Archivos Mensuales: junio 2015

España, un país que pudo y no quiso

España, un país que pudo...

Los países se posicionan en el mercado según sus ventajas competitivas. Así, los países más desarrollados se han posicionado en servicios de alto valor añadido, apoyándose en sus conocimientos y en las tecnologías que han ido consiguiendo gracias a sus esfuerzos en I+D, configurando sociedades con alto grado de conocimiento, alto nivel de vida, poder adquisitivo importante gracias a salarios elevados, etc.

Las empresas y las instituciones de estos países han invertido a lo largo del tiempo cantidades muy importantes en I+D y en formación. Consecuentemente, estas empresas se han centrado en los aspectos relacionados con el alto valor añadido, es decir, conocimiento y servicios. Y han externalizado las actividades de menos valor, tales como fabricación, plataformas de atención de atención al cliente, etc… esto es, actividades que requieren, de momento, mucha mano de obra, no necesariamente muy cualificada, a la que se pagan salarios muy bajos, consecuencia de su trabajo y del posicionamiento de los países donde se encuentran ubicadas las empresas que se han hecho cargo de estas actividades. En definitiva, costes más bajos.
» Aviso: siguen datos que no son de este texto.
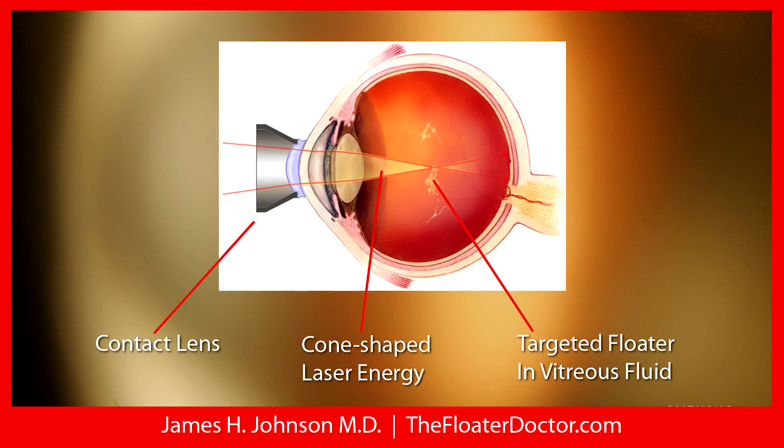What you see here on the overlay is an artist's representation of an eye cut in half in a cross-section. To the left, the silvery colored object is a contact lens — it's actually a handheld contact lens that I hold up against the eye. The eye is numbed, it doesn't feel it at all. People are always concerned about blinking or moving, but it prevents blinking of the eyelids, stabilizes the eye, and magnifies the image. You absolutely have to have the contact lens for treatment.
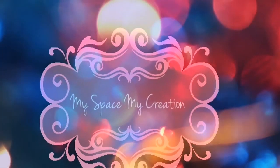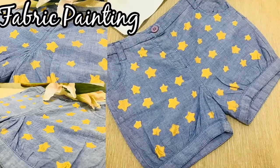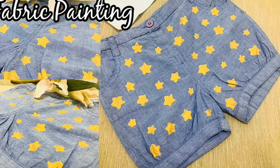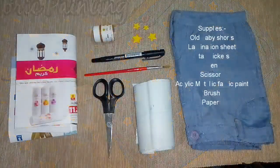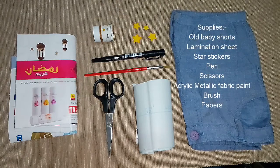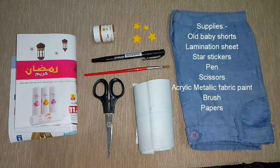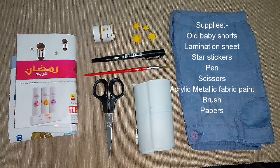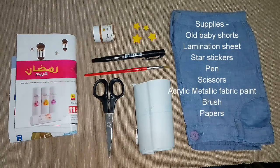Hi viewers, welcome to my space. My creation — here I'm going to show you how to give a new look to your old clothes using fabric paints with a simple technique. We need old baby shorts, lamination sheet, star stickers, pen, scissors, acrylic metallic fabric paint, brush, and papers. Okay, let's start.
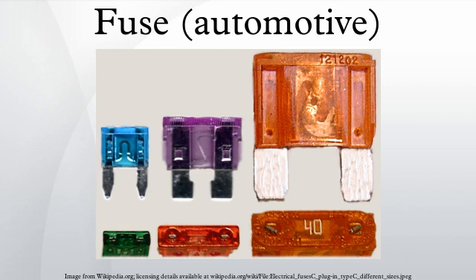Automotive fuses are a class of fuses used to protect the wiring and electrical equipment for vehicles. They are generally rated for circuits no higher than 24 volts direct current, but some types are rated for 42 volt electrical systems. They are occasionally used in non-automotive electrical products.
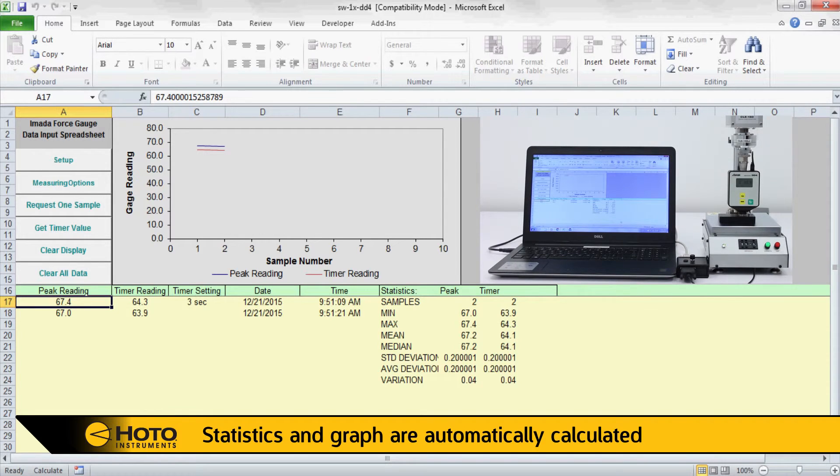The spreadsheet will automatically graph and update statistics including min, max, standard deviation, and more.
Entre los países que se centraron el conocimiento y aquellos cuya ventaja competitiva radicaba en los bajos costes, estaban otros países que dijeron que se centraban en el conocimiento, pero sin invertir lo necesario, y los salarios subieron de manera que les eliminaba la posibilidad de competir en función de sus costes.

Aquí encontramos a España, un país que no ha apostado de verdad por el futuro, o más bien que apostó de “boquilla”, pero no lo acompañó de paciencia e inversiones. Sin embargo vivió como los países ricos, que sí apostaban de verdad por el largo plazo, hasta que la cruda realidad nos llegó. Se acabó el inflado artificial de los mercados y llegó la hora de competir de verdad. Y aquí se nos cayó la casa con pilares de barro que habíamos construido.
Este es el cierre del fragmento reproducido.